Background and release

Inna first hinted at the release of new music by uploading a preview of unreleased tracks on her YouTube channel on 18 October 2014; the video included samples of "Bamboreea", "Jungle", "We Wanna", "Rendez Vous", "Danse avec moi" and "Hola". The album was originally scheduled to be named Latinna (stylized as LatINNA). In an interview with Direct Lyrics in April 2014, the singer said that title alluded at her "feel[ing] Latinna" (Latina) and her notable success in Spanish-speaking, Latin-origin territories. The album was then changed to Inna as "[she wants] that and [she feels] that right now". The singer also stated that it is "a lot of [her] and [her] energy, and [she] felt it coming very natural", confessing that her favorite track on the album was "Fool Me". The record includes "Take Me Higher", "Low", "Devil's Paradise", "Tell Me", "Body and the Sun" and "Summer Days", which were released as promotional singles in 2014 for the cancelled extended play (EP) Summer Days. Inna recorded the album in one year in various cities, such as Barcelona, Ibiza, Los Angeles and Copenhagen.
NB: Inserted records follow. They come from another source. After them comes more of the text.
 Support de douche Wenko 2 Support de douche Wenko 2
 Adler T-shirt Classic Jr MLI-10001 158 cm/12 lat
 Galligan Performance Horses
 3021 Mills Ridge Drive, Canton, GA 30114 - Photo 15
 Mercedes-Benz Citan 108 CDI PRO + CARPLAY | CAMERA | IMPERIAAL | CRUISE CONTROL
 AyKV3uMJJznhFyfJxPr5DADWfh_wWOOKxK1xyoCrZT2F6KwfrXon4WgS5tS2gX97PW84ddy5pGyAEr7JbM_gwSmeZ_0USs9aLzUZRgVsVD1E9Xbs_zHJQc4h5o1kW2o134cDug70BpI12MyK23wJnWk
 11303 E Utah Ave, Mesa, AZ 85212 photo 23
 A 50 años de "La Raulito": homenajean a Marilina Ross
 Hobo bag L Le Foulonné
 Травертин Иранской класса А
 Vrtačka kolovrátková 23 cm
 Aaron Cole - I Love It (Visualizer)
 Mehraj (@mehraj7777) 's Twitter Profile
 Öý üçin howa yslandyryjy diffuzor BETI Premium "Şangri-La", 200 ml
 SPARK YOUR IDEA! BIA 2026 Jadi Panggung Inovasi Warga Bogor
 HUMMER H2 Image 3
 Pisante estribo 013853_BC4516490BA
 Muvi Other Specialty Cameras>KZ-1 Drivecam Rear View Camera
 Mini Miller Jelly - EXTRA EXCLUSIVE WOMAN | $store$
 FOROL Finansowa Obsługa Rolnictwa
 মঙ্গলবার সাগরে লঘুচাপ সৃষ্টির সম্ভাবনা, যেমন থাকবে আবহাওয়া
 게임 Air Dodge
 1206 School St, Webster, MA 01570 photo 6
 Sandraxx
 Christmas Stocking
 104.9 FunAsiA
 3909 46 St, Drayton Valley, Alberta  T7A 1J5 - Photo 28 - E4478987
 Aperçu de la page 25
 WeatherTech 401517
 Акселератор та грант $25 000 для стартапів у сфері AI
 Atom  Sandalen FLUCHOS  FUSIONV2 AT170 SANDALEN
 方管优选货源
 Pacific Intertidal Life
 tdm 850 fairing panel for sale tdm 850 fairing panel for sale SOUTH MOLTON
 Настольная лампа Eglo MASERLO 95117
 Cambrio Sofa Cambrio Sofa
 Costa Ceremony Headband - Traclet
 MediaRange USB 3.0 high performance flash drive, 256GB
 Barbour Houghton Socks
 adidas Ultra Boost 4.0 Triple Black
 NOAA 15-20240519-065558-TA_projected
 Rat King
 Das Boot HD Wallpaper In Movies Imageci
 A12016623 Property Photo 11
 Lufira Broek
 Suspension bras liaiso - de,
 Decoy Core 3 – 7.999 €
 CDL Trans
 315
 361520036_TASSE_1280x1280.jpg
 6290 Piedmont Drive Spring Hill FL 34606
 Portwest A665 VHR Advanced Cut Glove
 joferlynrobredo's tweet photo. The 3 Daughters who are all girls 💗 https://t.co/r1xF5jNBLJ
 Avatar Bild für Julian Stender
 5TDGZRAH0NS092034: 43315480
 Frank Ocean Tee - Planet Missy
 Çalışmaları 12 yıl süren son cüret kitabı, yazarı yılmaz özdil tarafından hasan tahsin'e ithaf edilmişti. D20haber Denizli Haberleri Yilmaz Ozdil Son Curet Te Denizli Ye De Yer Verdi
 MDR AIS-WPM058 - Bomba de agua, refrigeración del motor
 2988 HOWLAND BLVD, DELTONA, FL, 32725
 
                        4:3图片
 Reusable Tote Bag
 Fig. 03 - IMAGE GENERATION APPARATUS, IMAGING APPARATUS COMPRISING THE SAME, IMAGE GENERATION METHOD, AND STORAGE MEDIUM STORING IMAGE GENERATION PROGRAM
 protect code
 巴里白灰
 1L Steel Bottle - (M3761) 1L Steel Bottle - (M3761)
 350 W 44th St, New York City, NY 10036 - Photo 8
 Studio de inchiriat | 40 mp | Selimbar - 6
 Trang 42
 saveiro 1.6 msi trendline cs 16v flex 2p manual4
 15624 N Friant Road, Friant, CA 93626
Inna was released worldwide on 30 October 2015 by Warner, followed by its availability in Turkey on digitally and physical formats on 6 November 2015 and 29 April 2016, respectively, through Yeni Dünya Müzik. A digital download and CD was also released to Mexico on 11 March and 25 March 2016, respectively, by Warner. A Japanese edition of the record, titled Body and the Sun, was first released digitally worldwide on 23 July 2015 by Roton and Empire Music. Subsequently, it was made available in Japan on both digital and CD formats by Warner Music on 31 July 2015 and 5 August 2015, respectively. Pure Charts called the album's release process "chaotic". In an interview, Inna said that she decided with her team to make a special Japanese version of the record since Japan was selected as the first country for the album's release. They looked at fans' reactions when putting together its tracklist.

Promotion and composition

The record was aided by several concert tours in Europe and Japan. It was also the singer's second visit in Japan after a gig in March 2013. The album's first single, "Cola Song" (2014), featured Colombian reggaeton performer J Balvin and was only included on Body and the Sun. An electro house, electronic and Latin recording, "Cola Song" included saxophone and horn in its composition. Commercially, the track experienced success in Europe and was certified Platinum by PROMUSICAE for selling over 40,000 copies in Spain. The second single, "Good Time", was similarly only featured on Body and the Sun, featuring the vocal collaboration of American rapper Pitbull. It is a dance-pop track that uses trumpets and "hedonistic and cheerful" simple lyrics. A SoundCloud Complete Edition of Inna released on 19 November 2020 would eventually also include "Cola Song" and "Good Time".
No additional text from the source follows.